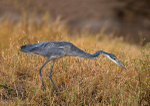 Grey Heron - stalking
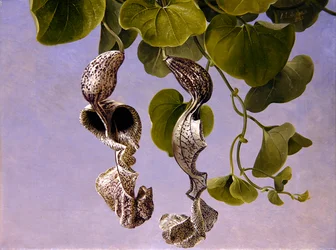 Osterluzei-Blüten (Aristolochia Cymbifera)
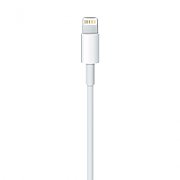 Apple Lightning to USB Cable (1В m)_3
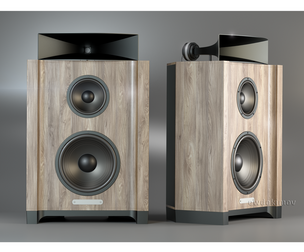 Horn acoustic system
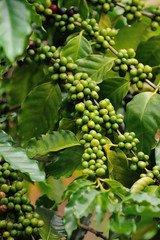 Close up coffee plants tree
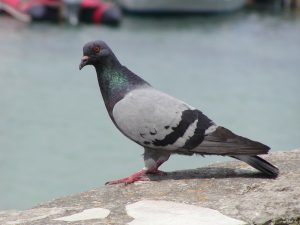A pigeon sitting on a concrete wall.
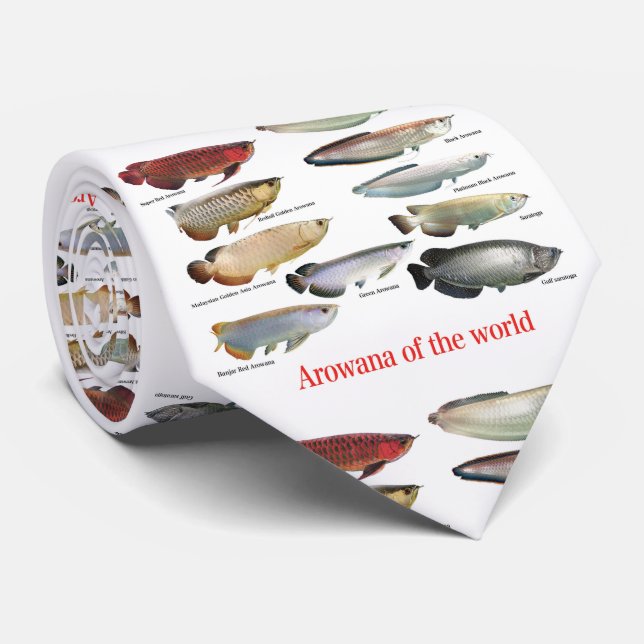 Arowana Tie (Rolled)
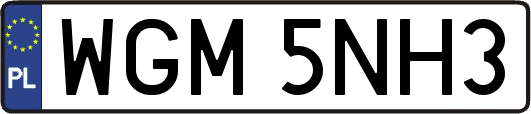 WGM5NH3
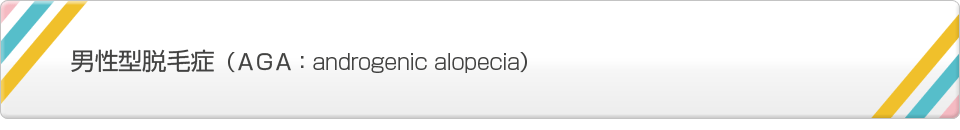 男性型脱毛症（AGA：androgenic alopecia）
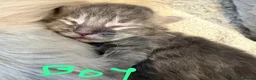 Ragcoon cats for sale: Ragdoll × Maine Coon Kittens rare colours - Advert 15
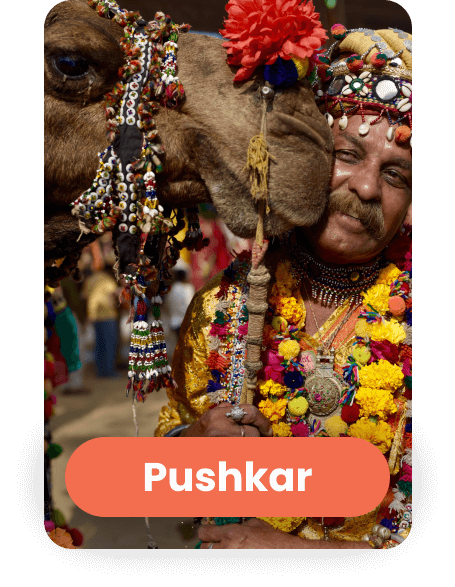 Madpackers Pushkar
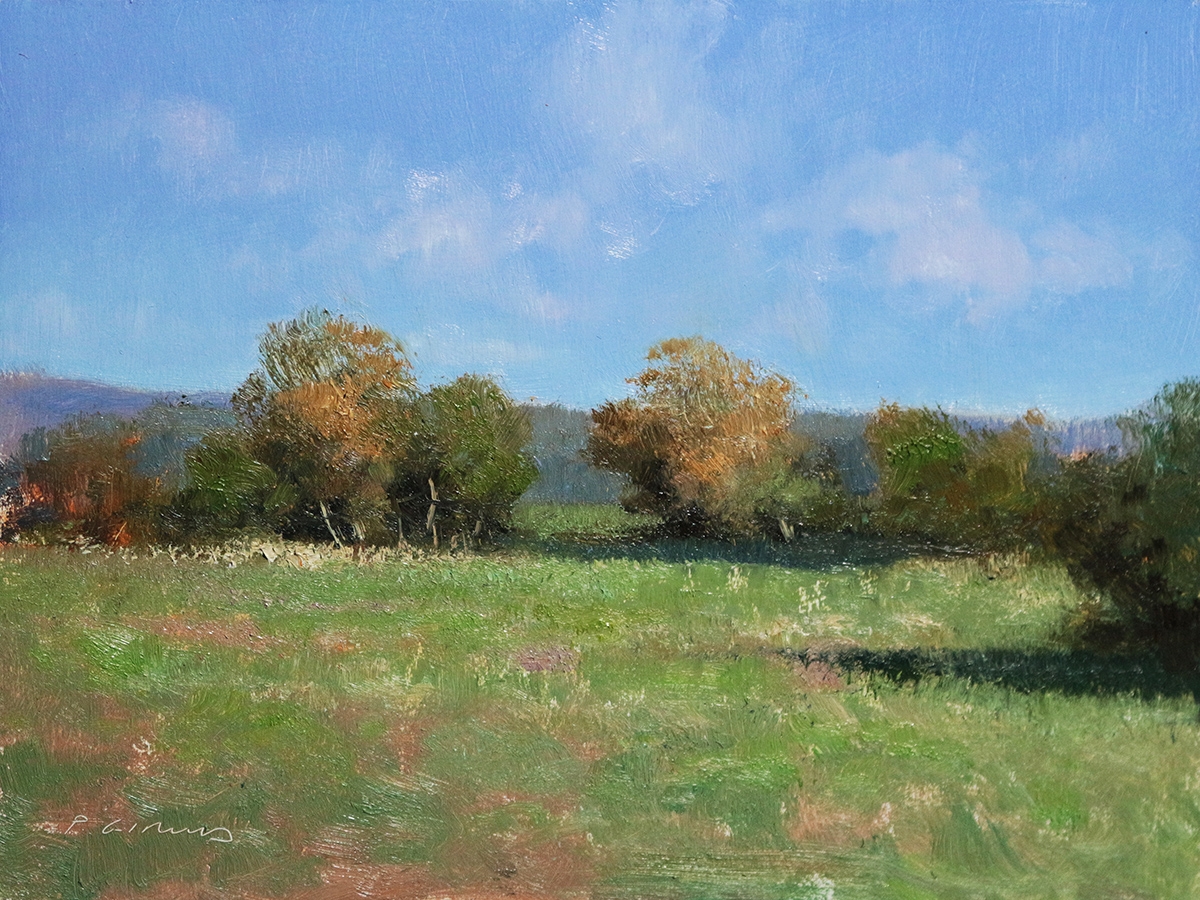 Peinture : Prairie en Provence 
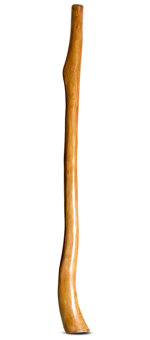 Gloss Finish Flared Didgeridoo (TW1056)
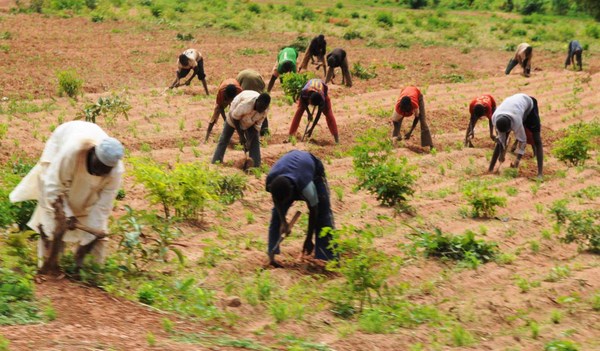 IITA stresses importance of innovation in agriculture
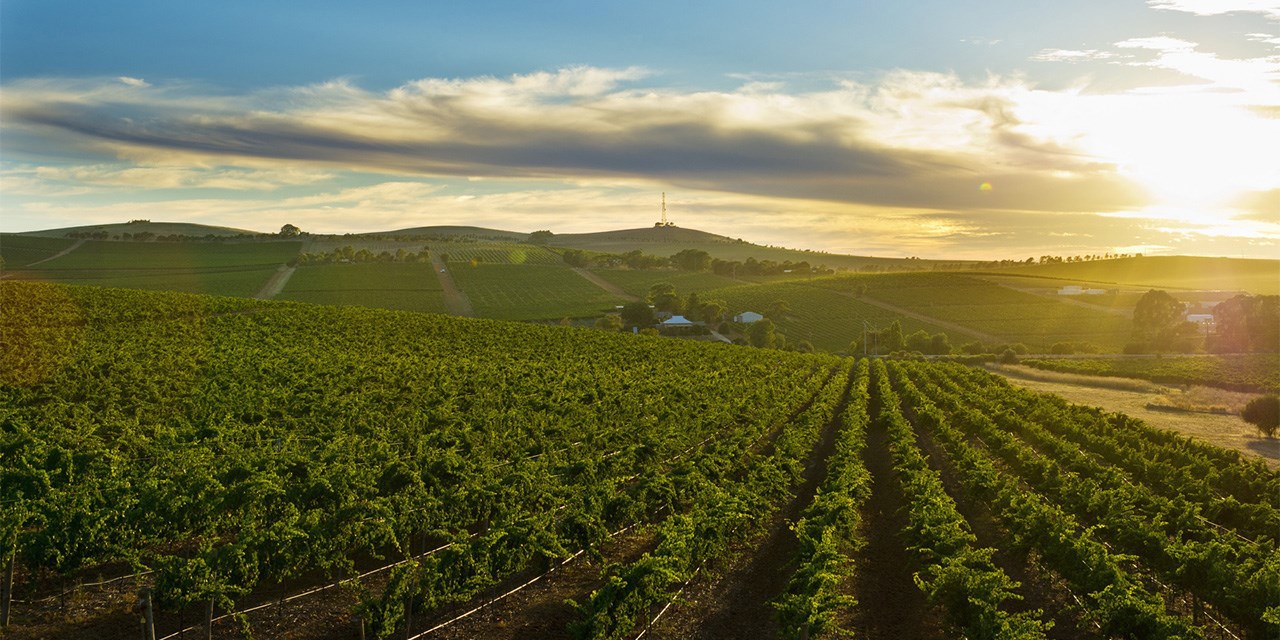 clare-valley-saep-day-1.jpg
################
* Description of the task
Nothing but the lines from the one containing "Arowana Tie (Rolled)" through the end of the entries is to be retyped, exactly as written and without pictures.

* Answer below
 Arowana Tie (Rolled)
 WGM5NH3
 男性型脱毛症（AGA：androgenic alopecia）
 Ragcoon cats for sale: Ragdoll × Maine Coon Kittens rare colours - Advert 15
 Madpackers Pushkar
 Peinture : Prairie en Provence 
 Gloss Finish Flared Didgeridoo (TW1056)
 IITA stresses importance of innovation in agriculture
 clare-valley-saep-day-1.jpg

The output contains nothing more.